Mauvaise nouvelle pour Ant Financial et son propriétaire Alibaba. Alipay, son application de paiement très populaire en Chine, pourrait ne plus être autorisée à proposer des petits prêts. “Depuis deux ans, le gouvernement chinois limite le pouvoir des géants de la tech comme Alibaba”, explique Pascal Coppens, expert de la Chine.

Alipay doit créer une application distincte pour les prêts. Le gouvernement chinois est-il vraiment en train de prendre le pouvoir dans le secteur de la technologie ?

“Le centenaire du Parti communiste chinois donne cette impression, mais il s’agit surtout d’une correction après des années de laxisme. Le gouvernement veut maintenant s’attaquer à un certain nombre de dérives et de risques. Les prêts d’Alipay, majoritairement non réglementés, sont considérés trop dangereux pour le système financier, par exemple.”

L’obligation de partager les données avec une structure semi-gouvernementale est un pas de plus.

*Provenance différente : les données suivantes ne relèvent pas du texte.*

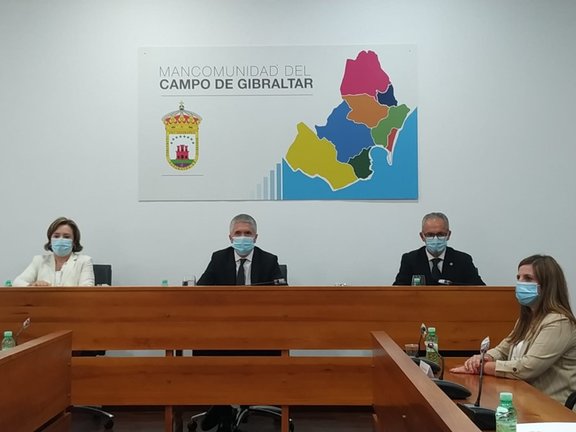 Archivo - Marlaska en la Mancomunidad de Municipios del Campo de Gibraltar cuando anunció la prórroga del Plan Especial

“Cette mesure fait partie d’une réforme visant à mieux détecter les fraudes, mais aussi à mieux protéger les consommateurs comme cela se fait en Europe avec le RGPD. Le gouvernement chinois veut s’assurer que les données ne sont pas utilisées de manière abusive, mais continue en même temps à encourager l’innovation.”

Alibaba a déjà dû payer 2,8 milliards de dollars dans une affaire de concurrence, et la pression ne semble qu’augmenter ?

“Tous les géants de la tech sont plus durement touchés, mais on parle surtout d’Alibaba en raison de son succès international et de son fondateur au franc-parler, Jack Ma. Je ne pense pas que le gouvernement cherche à démanteler Alibaba. La Chine a besoin d’Alibaba et de ses emplois pour sortir les gens de la pauvreté, notamment dans les zones rurales. C’est toujours la priorité numéro un du gouvernement.”

“Le pays préférerait qu’une entreprise comme Alibaba ne contrôle pas 50 à 60 % du marché chinois de l’e-commerce, mais qu’il existe, par exemple, quatre concurrents plus petits évoluant dans un rapport plus proportionnel. C’est une situation plus saine. Cette attitude plus stricte envers Alibaba vise à donner aux concurrents l’opportunité de se développer.”

Il ne se passe pas un jour sans qu’une entreprise technologique chinoise ne fasse l’objet de mesures. Le gouvernement chinois trouve-t-il toujours une faille ?

“Ce n’est pas arbitraire, mais cela a tout à voir avec l’analyse que le gouvernement chinois a faite. Sa politique a toujours été plus axée sur la réglementation des entreprises industrielles et autres secteurs classiques. Le secteur technologique chinois a été laissé tranquille pendant un certain temps, mais aujourd’hui, sa domination excessive engendre des risques considérables.”

“Ces risques peuvent être répartis en quatre catégories. L’énorme succès d’Alipay et d’autres acteurs de la fintech a créé un réseau de banques fantômes qui peut menacer le système financier. Ensuite, la domination des géants de la tech est problématique en soi car elle peut donner lieu à des abus, comme la fixation des prix ou la pression sur les fournisseurs. Troisièmement, la cybersécurité et le respect de la vie privée entrent en jeu. Didi, l’homologue chinois d’Uber, a été sévèrement sanctionné pour ne pas avoir fait suffisamment d’efforts pour conserver les données sensibles sur le territoire chinois. Et enfin, il y a la composante plus sociale. Tencent, par exemple, n’a pas fait suffisamment d’efforts pour lutter contre la dépendance aux jeux chez les jeunes, ni pour s’attaquer aux cours privés en ligne pour lesquels les parents s’endettent. Ces familles payent parce qu’elles veulent absolument que leur enfant réussisse l’examen d’entrée dans l’enseignement supérieur, mais cela ne fait qu’accroître les inégalités.”